Le ministre s’est dit « heureux d’annoncer que, dès le mois prochain, en mai, le Ghana déploiera un régime d’e-Visa afin de faciliter les déplacements vers le pays ». Il a présenté cette évolution comme un moyen de moderniser les démarches et de « rendre les voyages au Ghana beaucoup plus simples », en particulier pour certains profils comme les investisseurs. Il a aussi insisté sur le fait que le futur système ne serait pas seulement pensé comme un outil de simplification administrative. Selon lui, le dispositif sera relié à la base de données d’Interpol, ainsi qu’aux systèmes API et PNR, afin de permettre « des vérifications et un filtrage appropriés » avant l’entrée sur le territoire ghanéen.

Samuel Okudzeto Ablakwa a aussi cherché à lever un malentendu qui accompagne l’annonce du lancement de l’e-Visa depuis plusieurs jours, de nombreuses interprétations ayant laissé entendre que le Ghana allait dispenser de visa les ressortissants africains…

« Il existe beaucoup de malentendus à ce sujet », a-t-il d’abord affirmé, expliquant ensuite que certains faisaient, selon lui, un amalgame entre visa gratuit et dispense de visa, autrement dit entre “free visa” et “visa-free”. « Un visa gratuit signifie simplement que, si vous êtes Africain, vous n’aurez pas à payer les frais de visa », a-t-il dit, ajoutant que « cela ne signifie pas que vous serez exempté de la procédure de demande de visa ».

Autrement dit, les ressortissants africains resteront soumis à une demande, à un examen du dossier et à des vérifications consulaires, même si le coût en sera supprimé pour eux à compter du lancement du visa électronique.

Vers un e-Visa à 250 dollars pour les voyageurs non africains ?

Le ministre a également pris soin de rassurer sur le maintien des filtres à l’entrée. Il a rappelé que chaque demande ferait toujours l’objet d’un examen, avec un contrôle assuré par les autorités consulaires.

Samuel Okudzeto Ablakwa a insisté sur le fait que les autorités vérifieraient que le demandeur remplit les conditions requises et qu’il ne présente pas de risque, en rappelant que le système sera connecté à plusieurs bases de données criminelles.

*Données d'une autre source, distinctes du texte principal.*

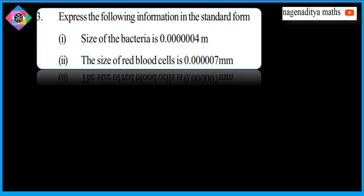Welcome to eighth class. Express the following information in the standard form. Third question, third Raman, first one solution: size of the bacteria. From these problems you also get the knowledge of the size of bacteria, the size of red blood cells, and the thickness of paper.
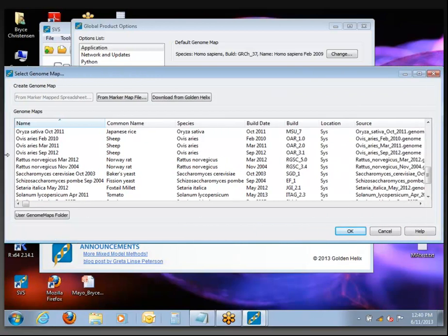If you are using a genome that you don't see in this list, just let us know — we can add it in.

Le ministre a avertit que le Ghana se réserverait toujours le droit de refuser l’entrée à une personne ayant un casier judiciaire ou dont les intentions paraîtraient douteuses.

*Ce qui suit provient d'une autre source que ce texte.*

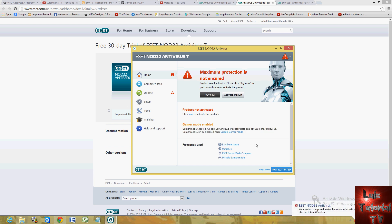While gamer mode is enabled, the antivirus program won't run a scan and it won't run an update. It'll just be in standby and use very little system resources. That way, your resources are dedicated towards your game, which is awesome. This is what I like the most about this program. This program is gamer friendly. Let's go ahead and disable it.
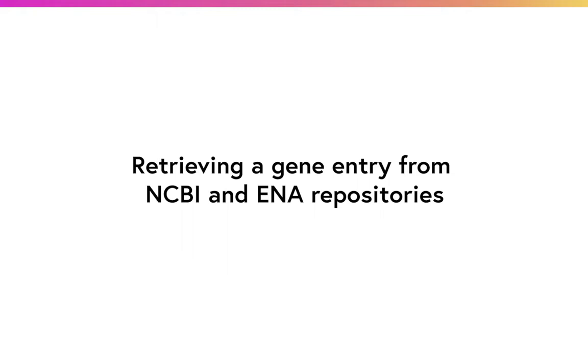Hello everyone, my name is Anna Protasio. I am a researcher at the Wellcome Sanger Institute, and today we are going to learn how to retrieve a gene entry from a repository.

Si les Africains se rendant au Ghana sont appelés à bénéficier d’un e-Visa gratuit, le dispositif annoncé ne sera cependant pas sans frais pour les autres nationalités.

« Nos amis venant d’autres régions du monde devront payer environ 250 dollars lorsque nous déploierons le régime de visa électronique », a ainsi déclaré Samuel Okudzeto Ablakwa.

Le montant, présenté comme approximatif dans sa formulation, n’apparaît pas encore à ce stade dans un barème officiel détaillé accessible sur les sources gouvernementales consultées. Il faut donc le manier avec prudence.

Si ce montant de 250 US$ se confirmait, il apparaîtrait sensiblement élevé au regard des tarifs actuellement pratiqués par plusieurs missions diplomatiques ghanéennes, et pourrait relancer le débat sur l’attractivité du futur dispositif pour certains voyageurs non africains. Les ambassades du Ghana de Paris et de La Haye affichent par exemple respectivement 70 € et 60 € pour un visa simple entrée de trois mois, tandis que Londres le facture 60 £ et Washington 100 US$ en procédure standard.